Stop after the line with "Тапочки Мужские De"; until then, please copy every line of the records word for word from the first.

□ □ □ □ □ □ □

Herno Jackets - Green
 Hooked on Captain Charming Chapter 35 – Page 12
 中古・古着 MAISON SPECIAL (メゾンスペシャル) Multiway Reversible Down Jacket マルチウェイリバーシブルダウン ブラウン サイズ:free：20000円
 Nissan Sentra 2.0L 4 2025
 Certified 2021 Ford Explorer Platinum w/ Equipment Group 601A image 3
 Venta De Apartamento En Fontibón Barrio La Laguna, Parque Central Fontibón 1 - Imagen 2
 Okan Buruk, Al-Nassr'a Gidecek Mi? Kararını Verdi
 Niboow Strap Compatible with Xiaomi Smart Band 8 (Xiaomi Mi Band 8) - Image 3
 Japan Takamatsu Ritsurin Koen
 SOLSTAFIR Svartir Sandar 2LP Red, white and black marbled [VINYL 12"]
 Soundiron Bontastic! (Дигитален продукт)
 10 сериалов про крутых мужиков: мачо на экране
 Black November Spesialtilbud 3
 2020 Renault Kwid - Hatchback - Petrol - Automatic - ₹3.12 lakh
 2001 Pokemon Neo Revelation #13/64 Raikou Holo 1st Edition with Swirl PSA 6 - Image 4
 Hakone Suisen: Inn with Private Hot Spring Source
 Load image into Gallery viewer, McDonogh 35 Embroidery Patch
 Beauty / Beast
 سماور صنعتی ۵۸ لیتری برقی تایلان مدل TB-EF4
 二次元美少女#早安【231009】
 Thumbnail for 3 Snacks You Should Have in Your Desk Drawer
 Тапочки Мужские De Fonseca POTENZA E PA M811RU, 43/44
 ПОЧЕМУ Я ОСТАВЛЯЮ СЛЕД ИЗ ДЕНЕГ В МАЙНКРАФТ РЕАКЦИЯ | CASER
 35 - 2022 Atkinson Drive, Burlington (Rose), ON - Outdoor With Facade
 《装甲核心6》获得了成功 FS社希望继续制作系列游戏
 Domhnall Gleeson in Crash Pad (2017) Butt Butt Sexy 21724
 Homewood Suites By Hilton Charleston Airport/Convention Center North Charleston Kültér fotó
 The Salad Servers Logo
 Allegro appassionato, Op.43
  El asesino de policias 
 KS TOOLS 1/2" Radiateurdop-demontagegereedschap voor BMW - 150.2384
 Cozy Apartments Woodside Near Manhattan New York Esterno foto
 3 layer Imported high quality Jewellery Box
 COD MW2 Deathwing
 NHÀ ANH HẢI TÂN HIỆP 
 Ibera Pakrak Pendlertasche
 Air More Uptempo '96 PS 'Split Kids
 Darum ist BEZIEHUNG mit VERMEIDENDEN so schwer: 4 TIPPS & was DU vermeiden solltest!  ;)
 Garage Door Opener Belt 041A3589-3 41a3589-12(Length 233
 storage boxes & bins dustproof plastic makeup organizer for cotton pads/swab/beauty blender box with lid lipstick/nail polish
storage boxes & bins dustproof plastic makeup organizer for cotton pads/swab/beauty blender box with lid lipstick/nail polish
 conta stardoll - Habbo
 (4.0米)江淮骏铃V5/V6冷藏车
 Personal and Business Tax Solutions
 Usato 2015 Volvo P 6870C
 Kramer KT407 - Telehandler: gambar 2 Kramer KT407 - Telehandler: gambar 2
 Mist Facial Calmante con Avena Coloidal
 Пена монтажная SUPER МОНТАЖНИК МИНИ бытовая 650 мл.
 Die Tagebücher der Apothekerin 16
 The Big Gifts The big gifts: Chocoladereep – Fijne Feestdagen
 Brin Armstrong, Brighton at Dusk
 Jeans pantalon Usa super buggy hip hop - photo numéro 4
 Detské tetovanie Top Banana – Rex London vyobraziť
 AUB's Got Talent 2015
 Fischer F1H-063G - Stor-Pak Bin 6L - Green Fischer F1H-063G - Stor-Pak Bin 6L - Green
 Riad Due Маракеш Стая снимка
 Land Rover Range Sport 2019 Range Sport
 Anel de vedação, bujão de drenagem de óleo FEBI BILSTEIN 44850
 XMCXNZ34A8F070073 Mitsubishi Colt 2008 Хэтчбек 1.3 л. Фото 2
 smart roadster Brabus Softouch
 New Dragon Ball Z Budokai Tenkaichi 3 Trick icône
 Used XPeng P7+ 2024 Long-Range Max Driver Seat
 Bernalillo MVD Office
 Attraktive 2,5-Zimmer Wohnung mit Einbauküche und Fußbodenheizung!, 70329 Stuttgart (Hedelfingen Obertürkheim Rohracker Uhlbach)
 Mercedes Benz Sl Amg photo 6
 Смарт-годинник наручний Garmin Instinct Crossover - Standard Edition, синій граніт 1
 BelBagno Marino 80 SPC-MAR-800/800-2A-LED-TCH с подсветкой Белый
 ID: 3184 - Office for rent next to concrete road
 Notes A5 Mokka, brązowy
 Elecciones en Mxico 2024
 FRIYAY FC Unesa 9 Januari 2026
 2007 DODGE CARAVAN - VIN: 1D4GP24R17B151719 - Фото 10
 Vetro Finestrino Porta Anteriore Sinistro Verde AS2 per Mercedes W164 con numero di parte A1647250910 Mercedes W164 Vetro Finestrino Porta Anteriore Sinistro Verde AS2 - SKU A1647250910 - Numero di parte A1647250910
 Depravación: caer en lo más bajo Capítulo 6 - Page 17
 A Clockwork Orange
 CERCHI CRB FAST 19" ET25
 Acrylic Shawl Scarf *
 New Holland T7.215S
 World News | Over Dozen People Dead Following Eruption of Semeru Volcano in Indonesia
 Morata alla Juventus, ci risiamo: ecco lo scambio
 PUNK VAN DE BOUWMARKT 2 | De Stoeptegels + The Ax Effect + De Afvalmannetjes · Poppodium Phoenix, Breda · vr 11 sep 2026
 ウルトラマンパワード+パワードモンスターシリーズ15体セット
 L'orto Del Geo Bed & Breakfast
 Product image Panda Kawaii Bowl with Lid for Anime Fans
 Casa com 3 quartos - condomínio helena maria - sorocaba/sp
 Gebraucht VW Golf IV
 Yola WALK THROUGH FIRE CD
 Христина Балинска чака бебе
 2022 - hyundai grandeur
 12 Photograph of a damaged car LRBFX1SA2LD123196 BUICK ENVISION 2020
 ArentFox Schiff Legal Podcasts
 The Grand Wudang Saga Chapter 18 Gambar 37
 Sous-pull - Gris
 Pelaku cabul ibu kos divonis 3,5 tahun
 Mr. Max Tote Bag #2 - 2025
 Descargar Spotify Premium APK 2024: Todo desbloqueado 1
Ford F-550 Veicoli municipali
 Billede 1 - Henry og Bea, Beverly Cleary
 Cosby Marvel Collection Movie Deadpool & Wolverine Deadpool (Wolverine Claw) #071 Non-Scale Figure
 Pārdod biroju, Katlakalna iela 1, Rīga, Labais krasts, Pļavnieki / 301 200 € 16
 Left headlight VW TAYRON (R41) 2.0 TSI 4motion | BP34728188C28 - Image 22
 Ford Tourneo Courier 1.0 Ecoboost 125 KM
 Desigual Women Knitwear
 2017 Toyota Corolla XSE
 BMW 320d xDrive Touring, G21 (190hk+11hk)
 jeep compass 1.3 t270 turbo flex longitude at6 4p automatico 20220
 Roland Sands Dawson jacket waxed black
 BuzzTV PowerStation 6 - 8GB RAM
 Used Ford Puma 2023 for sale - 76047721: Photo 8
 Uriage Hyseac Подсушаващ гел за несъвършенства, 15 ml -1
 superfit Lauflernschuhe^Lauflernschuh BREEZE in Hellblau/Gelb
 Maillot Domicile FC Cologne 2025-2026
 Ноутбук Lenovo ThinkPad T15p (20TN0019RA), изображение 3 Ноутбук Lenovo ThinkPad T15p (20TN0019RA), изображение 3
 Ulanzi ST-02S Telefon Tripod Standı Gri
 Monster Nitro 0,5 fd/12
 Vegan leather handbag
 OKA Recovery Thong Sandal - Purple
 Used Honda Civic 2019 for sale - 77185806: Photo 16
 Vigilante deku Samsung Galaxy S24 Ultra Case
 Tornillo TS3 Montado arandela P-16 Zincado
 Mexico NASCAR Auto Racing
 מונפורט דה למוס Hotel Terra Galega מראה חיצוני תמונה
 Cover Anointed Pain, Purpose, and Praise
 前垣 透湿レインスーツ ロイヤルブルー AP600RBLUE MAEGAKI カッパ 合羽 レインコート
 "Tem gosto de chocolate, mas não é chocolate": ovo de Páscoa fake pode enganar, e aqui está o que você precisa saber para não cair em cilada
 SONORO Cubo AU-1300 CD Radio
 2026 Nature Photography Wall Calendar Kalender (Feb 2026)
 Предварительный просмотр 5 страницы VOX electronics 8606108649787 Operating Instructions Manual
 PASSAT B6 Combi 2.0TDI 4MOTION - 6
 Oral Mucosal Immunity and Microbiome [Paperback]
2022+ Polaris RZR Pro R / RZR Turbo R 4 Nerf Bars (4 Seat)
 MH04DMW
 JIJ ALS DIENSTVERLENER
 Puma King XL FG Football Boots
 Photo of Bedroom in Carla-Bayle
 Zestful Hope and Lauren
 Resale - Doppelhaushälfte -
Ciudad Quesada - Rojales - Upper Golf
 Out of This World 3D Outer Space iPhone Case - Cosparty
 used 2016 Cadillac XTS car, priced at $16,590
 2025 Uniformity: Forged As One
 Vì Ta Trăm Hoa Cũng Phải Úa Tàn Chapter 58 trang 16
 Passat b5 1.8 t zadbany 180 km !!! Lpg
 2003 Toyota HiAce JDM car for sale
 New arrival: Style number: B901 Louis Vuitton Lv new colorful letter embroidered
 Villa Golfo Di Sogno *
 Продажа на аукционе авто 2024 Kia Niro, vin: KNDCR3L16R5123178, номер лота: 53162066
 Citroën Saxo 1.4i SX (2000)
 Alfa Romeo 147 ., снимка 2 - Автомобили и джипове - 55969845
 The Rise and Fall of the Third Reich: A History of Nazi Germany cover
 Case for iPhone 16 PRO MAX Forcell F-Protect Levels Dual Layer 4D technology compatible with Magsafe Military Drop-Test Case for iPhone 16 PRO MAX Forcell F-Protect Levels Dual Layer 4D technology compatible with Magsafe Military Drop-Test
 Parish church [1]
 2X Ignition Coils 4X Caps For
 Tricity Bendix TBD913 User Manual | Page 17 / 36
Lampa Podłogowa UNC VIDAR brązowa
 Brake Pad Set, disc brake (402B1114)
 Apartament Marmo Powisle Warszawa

□ □ □ □ □ □ □

— EXPECTED ANSWER —
Herno Jackets - Green
 Hooked on Captain Charming Chapter 35 – Page 12
 中古・古着 MAISON SPECIAL (メゾンスペシャル) Multiway Reversible Down Jacket マルチウェイリバーシブルダウン ブラウン サイズ:free：20000円
 Nissan Sentra 2.0L 4 2025
 Certified 2021 Ford Explorer Platinum w/ Equipment Group 601A image 3
 Venta De Apartamento En Fontibón Barrio La Laguna, Parque Central Fontibón 1 - Imagen 2
 Okan Buruk, Al-Nassr'a Gidecek Mi? Kararını Verdi
 Niboow Strap Compatible with Xiaomi Smart Band 8 (Xiaomi Mi Band 8) - Image 3
 Japan Takamatsu Ritsurin Koen
 SOLSTAFIR Svartir Sandar 2LP Red, white and black marbled [VINYL 12"]
 Soundiron Bontastic! (Дигитален продукт)
 10 сериалов про крутых мужиков: мачо на экране
 Black November Spesialtilbud 3
 2020 Renault Kwid - Hatchback - Petrol - Automatic - ₹3.12 lakh
 2001 Pokemon Neo Revelation #13/64 Raikou Holo 1st Edition with Swirl PSA 6 - Image 4
 Hakone Suisen: Inn with Private Hot Spring Source
 Load image into Gallery viewer, McDonogh 35 Embroidery Patch
 Beauty / Beast
 سماور صنعتی ۵۸ لیتری برقی تایلان مدل TB-EF4
 二次元美少女#早安【231009】
 Thumbnail for 3 Snacks You Should Have in Your Desk Drawer
 Тапочки Мужские De Fonseca POTENZA E PA M811RU, 43/44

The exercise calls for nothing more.